Let’s face it, if folk wouldn’t believe in Jesus when there were other folk saying he healed me, he raised my child from the dead, how on earth are we going to get a committee together to do the work of the church? How can we pursue our calling and fulfill our vocation if none of the people who know us best believe in us? If we have a hard time believing in ourselves? Look to Jesus:

Here he is in our text with the family that has accompanied him in the Gospel for these past two months, caring for him, worrying about him, scolding him and occasionally getting in his way. But they are here with him. Every one of them won’t be with him every moment. But they won't all abandon him. In his most desperate hour, his mother will stand by him and with him, at the foot of his cross. Two of his brothers will carry on his work in his name and give up their own lives for his Gospel.

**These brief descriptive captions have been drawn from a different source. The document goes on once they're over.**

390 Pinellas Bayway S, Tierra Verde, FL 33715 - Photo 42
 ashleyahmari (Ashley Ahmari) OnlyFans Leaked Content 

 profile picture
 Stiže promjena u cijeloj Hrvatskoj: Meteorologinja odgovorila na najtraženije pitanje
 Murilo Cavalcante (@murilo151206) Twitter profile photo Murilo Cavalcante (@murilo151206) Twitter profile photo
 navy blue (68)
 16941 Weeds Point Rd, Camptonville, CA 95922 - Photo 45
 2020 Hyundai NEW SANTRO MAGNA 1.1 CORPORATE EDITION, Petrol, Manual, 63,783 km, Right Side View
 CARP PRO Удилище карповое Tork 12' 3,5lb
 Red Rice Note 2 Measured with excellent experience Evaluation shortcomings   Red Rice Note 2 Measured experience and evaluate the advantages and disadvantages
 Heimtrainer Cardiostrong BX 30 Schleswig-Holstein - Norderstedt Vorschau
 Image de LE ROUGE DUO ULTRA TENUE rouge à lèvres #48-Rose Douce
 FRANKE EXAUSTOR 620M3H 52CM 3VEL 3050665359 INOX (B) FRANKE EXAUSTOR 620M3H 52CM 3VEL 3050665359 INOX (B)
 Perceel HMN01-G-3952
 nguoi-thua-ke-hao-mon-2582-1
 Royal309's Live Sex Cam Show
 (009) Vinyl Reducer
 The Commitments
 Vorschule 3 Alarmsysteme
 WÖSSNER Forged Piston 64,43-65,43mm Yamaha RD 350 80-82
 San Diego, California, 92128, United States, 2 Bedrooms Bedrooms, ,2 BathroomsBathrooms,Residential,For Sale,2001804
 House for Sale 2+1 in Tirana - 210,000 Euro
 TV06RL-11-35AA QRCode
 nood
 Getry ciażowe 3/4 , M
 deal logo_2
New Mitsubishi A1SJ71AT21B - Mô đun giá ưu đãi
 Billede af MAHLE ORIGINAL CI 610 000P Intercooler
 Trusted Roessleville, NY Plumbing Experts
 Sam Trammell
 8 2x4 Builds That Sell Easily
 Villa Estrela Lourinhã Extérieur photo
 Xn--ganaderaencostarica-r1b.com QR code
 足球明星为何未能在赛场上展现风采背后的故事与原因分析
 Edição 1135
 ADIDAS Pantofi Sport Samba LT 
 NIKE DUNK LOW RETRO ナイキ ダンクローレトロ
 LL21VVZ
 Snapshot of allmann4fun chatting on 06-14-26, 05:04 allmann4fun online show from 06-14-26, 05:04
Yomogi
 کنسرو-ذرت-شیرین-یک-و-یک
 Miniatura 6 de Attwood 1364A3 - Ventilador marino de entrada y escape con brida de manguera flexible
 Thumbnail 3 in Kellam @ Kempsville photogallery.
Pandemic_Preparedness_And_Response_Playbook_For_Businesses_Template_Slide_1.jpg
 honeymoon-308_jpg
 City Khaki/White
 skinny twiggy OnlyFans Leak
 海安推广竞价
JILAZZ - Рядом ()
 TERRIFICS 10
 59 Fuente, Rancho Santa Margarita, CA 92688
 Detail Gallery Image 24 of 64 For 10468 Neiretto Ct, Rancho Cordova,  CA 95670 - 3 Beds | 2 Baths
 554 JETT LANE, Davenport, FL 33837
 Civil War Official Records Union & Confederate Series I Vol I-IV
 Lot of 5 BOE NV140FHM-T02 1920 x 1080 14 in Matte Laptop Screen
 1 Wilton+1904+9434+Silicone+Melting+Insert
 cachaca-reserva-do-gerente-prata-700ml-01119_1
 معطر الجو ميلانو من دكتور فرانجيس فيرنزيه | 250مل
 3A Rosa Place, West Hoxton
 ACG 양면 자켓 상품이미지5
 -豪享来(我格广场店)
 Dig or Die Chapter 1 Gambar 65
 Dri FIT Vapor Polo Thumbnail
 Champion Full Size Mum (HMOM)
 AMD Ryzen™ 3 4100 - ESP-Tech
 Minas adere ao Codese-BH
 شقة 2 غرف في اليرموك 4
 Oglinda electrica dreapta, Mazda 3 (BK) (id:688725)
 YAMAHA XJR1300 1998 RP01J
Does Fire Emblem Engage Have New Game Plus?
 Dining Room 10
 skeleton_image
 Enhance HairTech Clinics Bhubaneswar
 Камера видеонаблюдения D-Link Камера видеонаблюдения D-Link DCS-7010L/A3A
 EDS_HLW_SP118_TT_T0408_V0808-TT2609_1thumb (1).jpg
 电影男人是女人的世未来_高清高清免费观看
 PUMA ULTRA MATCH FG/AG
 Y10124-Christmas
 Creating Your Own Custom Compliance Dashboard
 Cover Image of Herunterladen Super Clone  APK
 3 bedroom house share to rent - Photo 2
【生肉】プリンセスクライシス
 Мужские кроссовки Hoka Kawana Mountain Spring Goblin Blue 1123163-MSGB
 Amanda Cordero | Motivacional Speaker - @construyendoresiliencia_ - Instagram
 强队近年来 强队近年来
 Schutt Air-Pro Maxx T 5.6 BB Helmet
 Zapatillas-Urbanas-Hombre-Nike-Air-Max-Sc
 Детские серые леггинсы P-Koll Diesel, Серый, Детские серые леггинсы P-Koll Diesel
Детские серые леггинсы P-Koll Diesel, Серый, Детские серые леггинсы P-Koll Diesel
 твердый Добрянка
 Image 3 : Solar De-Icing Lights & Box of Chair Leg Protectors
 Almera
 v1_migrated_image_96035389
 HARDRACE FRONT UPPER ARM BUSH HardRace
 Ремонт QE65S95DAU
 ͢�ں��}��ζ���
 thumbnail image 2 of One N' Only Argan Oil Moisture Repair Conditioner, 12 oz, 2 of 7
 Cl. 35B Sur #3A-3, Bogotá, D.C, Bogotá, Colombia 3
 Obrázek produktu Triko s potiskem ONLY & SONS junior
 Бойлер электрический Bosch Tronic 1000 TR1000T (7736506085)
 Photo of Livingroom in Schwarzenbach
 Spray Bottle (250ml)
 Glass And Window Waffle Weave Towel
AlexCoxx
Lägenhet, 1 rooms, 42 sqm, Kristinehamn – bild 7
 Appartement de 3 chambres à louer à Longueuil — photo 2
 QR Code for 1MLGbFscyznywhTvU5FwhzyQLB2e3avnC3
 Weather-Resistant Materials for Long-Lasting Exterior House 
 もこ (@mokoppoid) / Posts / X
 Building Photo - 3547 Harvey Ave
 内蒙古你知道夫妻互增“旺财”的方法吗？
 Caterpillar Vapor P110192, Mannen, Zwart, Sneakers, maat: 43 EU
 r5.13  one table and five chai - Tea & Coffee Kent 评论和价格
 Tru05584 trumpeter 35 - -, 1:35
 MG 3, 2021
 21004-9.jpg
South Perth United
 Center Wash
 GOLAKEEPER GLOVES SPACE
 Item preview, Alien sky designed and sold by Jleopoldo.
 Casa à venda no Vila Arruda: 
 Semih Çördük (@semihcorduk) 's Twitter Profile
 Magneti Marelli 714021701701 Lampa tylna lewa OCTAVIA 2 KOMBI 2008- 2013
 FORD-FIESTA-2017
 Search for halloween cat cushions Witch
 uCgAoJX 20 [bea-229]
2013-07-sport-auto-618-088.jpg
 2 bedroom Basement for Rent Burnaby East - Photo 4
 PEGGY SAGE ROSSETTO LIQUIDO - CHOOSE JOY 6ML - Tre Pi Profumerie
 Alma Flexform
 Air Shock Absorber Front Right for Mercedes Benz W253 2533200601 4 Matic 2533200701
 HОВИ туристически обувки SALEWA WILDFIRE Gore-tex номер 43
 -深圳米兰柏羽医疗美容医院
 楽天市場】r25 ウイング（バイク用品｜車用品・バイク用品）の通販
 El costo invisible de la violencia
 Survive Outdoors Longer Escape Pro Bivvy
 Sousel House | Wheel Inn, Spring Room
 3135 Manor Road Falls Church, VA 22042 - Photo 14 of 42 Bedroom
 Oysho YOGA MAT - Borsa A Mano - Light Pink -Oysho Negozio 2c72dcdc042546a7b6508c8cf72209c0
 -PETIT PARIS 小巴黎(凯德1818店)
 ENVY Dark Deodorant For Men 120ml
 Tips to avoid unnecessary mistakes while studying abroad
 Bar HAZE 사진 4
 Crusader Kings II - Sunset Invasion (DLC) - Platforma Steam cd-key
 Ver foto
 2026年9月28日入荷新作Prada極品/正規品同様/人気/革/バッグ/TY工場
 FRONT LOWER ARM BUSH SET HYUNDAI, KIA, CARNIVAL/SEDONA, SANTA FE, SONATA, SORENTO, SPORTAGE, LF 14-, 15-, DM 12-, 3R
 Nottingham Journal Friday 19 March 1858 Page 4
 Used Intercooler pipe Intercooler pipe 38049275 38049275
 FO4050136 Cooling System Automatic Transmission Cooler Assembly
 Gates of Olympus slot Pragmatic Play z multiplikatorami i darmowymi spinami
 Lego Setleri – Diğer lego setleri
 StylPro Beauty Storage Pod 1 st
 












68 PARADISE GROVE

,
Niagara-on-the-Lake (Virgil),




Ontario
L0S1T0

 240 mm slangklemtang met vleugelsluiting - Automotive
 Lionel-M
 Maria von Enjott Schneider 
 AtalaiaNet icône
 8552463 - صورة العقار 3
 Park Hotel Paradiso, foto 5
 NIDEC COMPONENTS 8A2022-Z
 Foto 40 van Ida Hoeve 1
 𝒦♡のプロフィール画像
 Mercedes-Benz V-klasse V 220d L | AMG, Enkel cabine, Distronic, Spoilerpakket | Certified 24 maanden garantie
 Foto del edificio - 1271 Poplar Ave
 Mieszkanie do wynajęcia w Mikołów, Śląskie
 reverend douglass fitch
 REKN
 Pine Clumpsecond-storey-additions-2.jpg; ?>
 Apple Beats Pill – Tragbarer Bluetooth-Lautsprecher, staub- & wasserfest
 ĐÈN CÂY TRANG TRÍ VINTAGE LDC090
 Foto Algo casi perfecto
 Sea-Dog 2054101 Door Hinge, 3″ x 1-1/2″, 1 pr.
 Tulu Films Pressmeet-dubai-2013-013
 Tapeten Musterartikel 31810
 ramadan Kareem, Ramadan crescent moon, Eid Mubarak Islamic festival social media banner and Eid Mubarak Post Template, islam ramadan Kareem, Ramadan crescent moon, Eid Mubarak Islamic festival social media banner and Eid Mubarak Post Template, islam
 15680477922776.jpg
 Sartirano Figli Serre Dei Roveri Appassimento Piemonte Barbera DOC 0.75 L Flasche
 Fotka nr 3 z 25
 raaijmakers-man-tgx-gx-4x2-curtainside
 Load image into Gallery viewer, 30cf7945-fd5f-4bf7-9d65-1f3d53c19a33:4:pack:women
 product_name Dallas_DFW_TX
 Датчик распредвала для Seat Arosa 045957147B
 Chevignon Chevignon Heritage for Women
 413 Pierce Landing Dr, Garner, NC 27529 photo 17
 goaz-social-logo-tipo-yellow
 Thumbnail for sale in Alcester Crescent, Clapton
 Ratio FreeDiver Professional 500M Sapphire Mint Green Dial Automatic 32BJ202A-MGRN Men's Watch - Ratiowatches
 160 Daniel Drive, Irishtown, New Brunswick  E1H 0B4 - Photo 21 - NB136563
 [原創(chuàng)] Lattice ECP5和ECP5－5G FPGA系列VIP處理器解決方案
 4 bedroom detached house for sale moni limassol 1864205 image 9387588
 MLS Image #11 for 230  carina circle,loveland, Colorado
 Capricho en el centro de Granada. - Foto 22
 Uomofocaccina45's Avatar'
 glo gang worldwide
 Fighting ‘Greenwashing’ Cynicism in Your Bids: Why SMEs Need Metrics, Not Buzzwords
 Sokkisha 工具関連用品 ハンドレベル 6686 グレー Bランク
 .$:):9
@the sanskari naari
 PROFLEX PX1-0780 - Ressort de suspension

And for those desperate few hometown folk willing to believe that the boy down the street had the power to touch, heal and transform lives, their faith in him was justified. He did heal them. They were small in number but they bore witness to the possibility of transformation of those who could not let themselves believe in a human, common, familiar Jesus. He marveled at their unbelief and he kept on teaching, kept on serving, kept on healing. Jesus did not stop doing what God called him to do. Not even death stopped him or slowed him. Even when those closest to him did not believe, doubted him, abandoned him, he did the work God sent him to do. 

This Gospel is that God’s concern for the woman-born was manifested in God, Godself, becoming woman-born, for the redemption and liberation of all the woman-born from fear and from death itself. Yeshua the Messiah, the Son of Woman, came to seek out and save the lost and to give his life as a ransom for many. Amen.